_Exercise goal:_
No pictures are to be included when the entries below are reproduced exactly.

_Task material:_
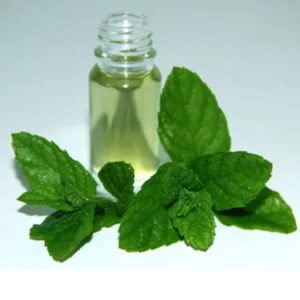 Mentha oil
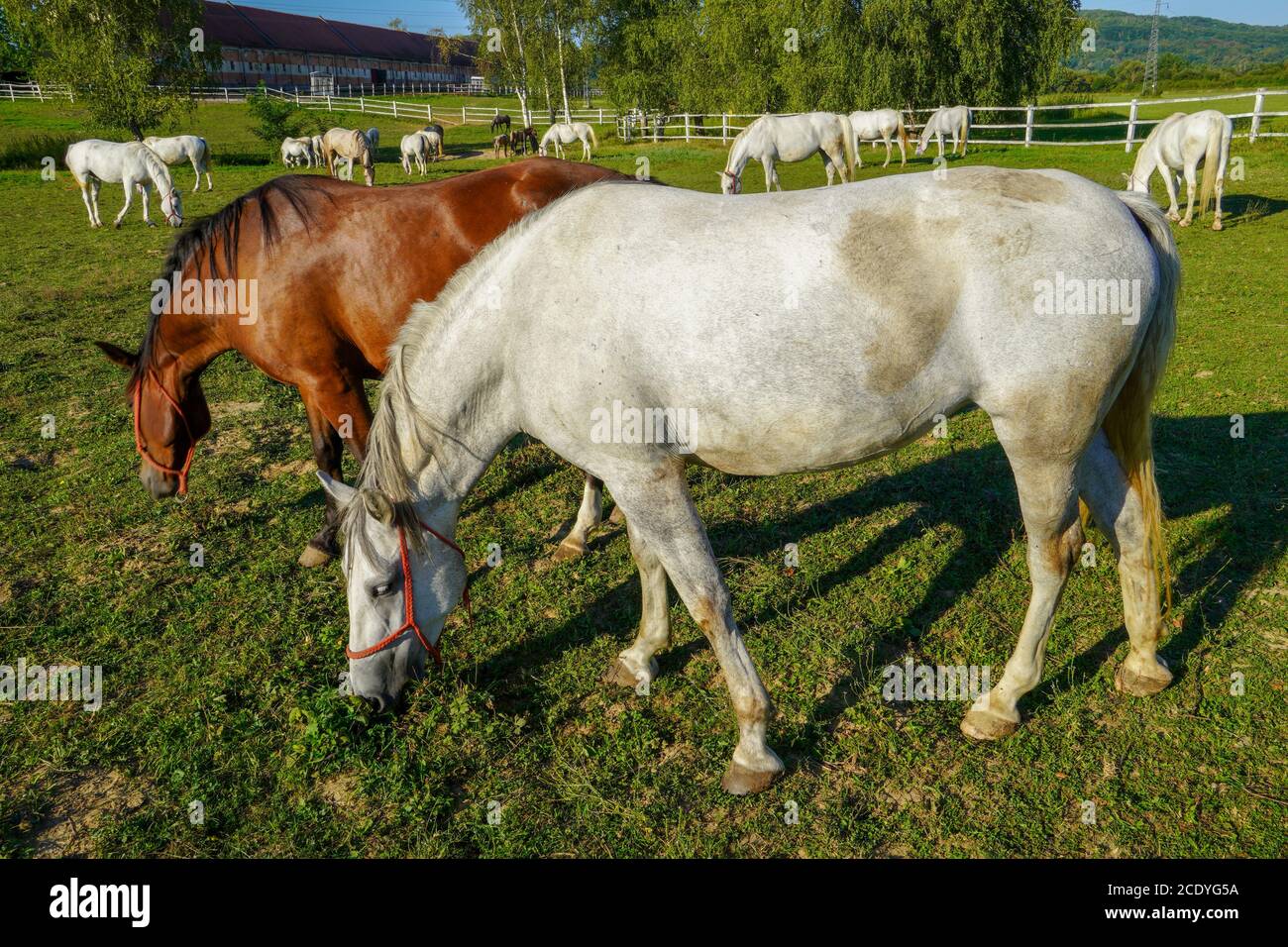 Lipizzaner, un cavallo della razza Lipizzaner. I cavalli mangiano in un campo coperto di erba Foto Stock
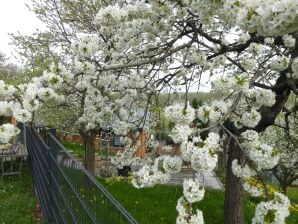 Ferienhaus in Thale - Neinstedt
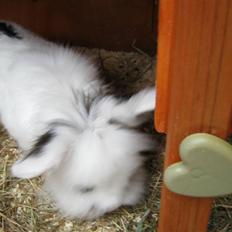 Kanin Bevino's Viktor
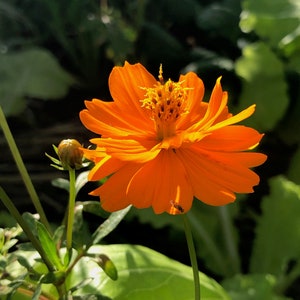 Side profile view of an orange bright lights cosmos flower in bloom and flower bud with greenery in the background.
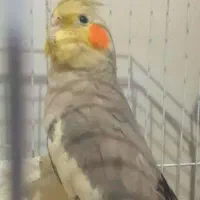 عروس هلندی ماده|پرنده|سیرجان, |دیوار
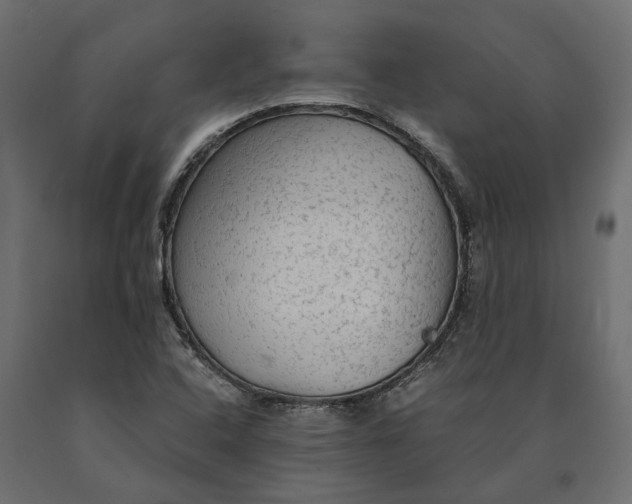 X0000090471408200708031254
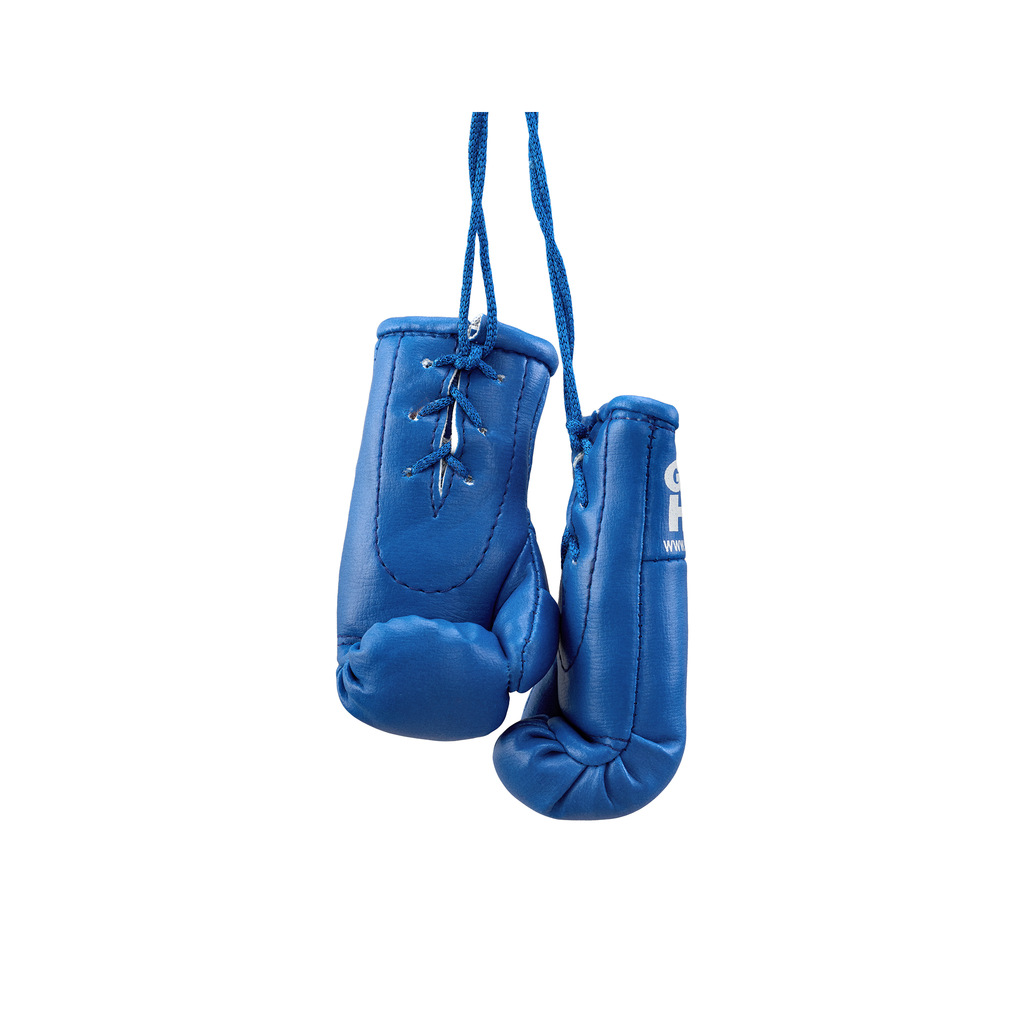Mini Boxhandschuhe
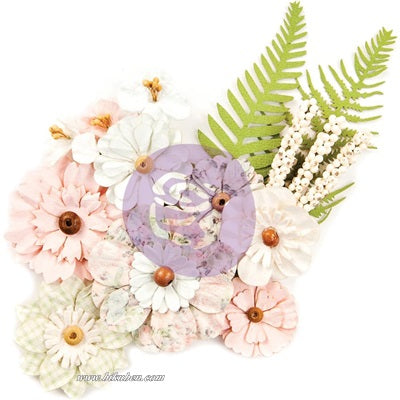Prima - Poetic Rose - Flower - Orchestral Beauty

_Answer for the task:_
 Mentha oil
 Lipizzaner, un cavallo della razza Lipizzaner. I cavalli mangiano in un campo coperto di erba Foto Stock
 Ferienhaus in Thale - Neinstedt
 Kanin Bevino's Viktor
 Side profile view of an orange bright lights cosmos flower in bloom and flower bud with greenery in the background.
 عروس هلندی ماده|پرنده|سیرجان, |دیوار
 X0000090471408200708031254
Mini Boxhandschuhe
Prima - Poetic Rose - Flower - Orchestral Beauty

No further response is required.